The Government will this year provide €420 million in funding between the HSE and the National Treatment Purchase Fund (NTPF) to tackle waiting lists.
Both insourcing arrangements and the operation of the NTPF schemes in some hospitals have generated controversy in recent times.
A HSE report last September found that two companies which received more than €1.5 million between them in contracts awarded by University Hospital Limerick without a competitive procurement process were owned or part-owned by employees at the facility.
Separately the NTPF suspended funding from Children's Health Ireland after it emerged concerns had been raised in an unpublished 2022 internal review about the necessity for some waiting lists clinics for which it had paid a consultant over €35,000 in fees.
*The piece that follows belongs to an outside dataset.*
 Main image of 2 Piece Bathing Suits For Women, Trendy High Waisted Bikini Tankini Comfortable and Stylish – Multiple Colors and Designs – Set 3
On June 11th the NTPF said it had paused funding for insourcing initiatives at Beaumont Hospital on foot of 'potential financial irregularities'.
The Irish Times reported subsequently that this followed a letter sent by doctors at Beaumont to the hospital's chairwoman in which they alleged it had billed the NTPF for about 1,400 patients seen in routine public clinics.
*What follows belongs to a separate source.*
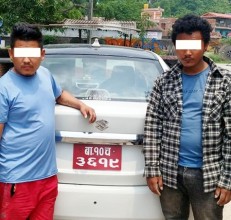 बारा प्रहरीद्धारा ९० किलो गाँजा सहित दुई पक्राउ , एक फरार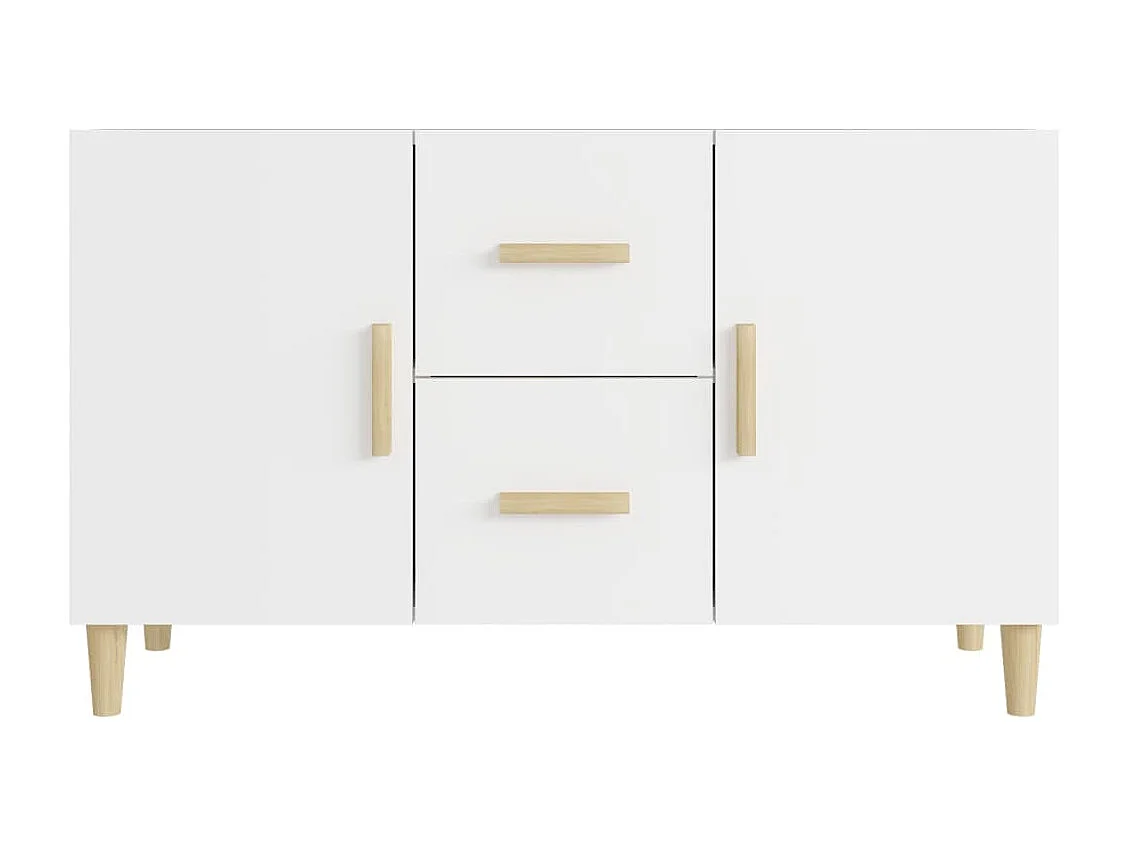 Buffet blanc 100x36x60 bois d'ingénierie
Ms Carroll MacNeill told the committee that examinations currently under way in relation to insourcing and the NTPF schemes were very important because of the ' (a) proper processes involved in it,(b) to ensure there is no corruption of those process and (c) to ensure that it is not operating as a barrier to us getting to a universal public system'.
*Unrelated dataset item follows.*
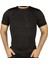 Unisex Siyah Spor Koşu Termal Basic T-Shirt 1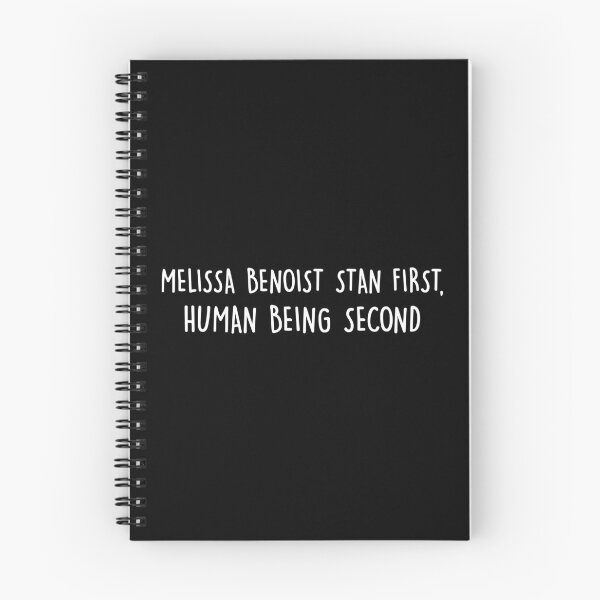 Artikelvorschau, melissa benoist stand an erster stelle, mensch an zweiter stelle entworfen und verkauft von mayorintrovert.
'I became aware and concerned about this at a very early stage, about six or eight weeks into being Minister. It arose from constantly asking about the use CT machine and diagnostics, what time does it run until or what happens on Saturdays.'
She said it turned out that in some hospitals equipment was working at weekends but not necessarily in the public system.
The Minister said until the findings of a forthcoming HSE analysis – which is due shortly –'we do not have a real understanding on a site-by-site basis on what is happening, what the national implications for that are, how that is being used in different ways, how this has the capacity to be used wrongly, even if legitimately, in delivering the overall public good of a public system working at maximum productivity'.
The Minister said she was notified about the NTPF issue in Beaumont on April 11th after she had already begun the review into insourcing.
Separately the Minister said activity in hospitals overall was not keeping pace with record levels of State investment over recent years.
She said one large hospital – known technically as a model four facility – ' only saw a three per cent increase in overall activity from a 36 per cent in workforce and a real expenditure increase of 42 per cent'.
The Minister later identified this centre as St Vincent's University Hospital in Dublin.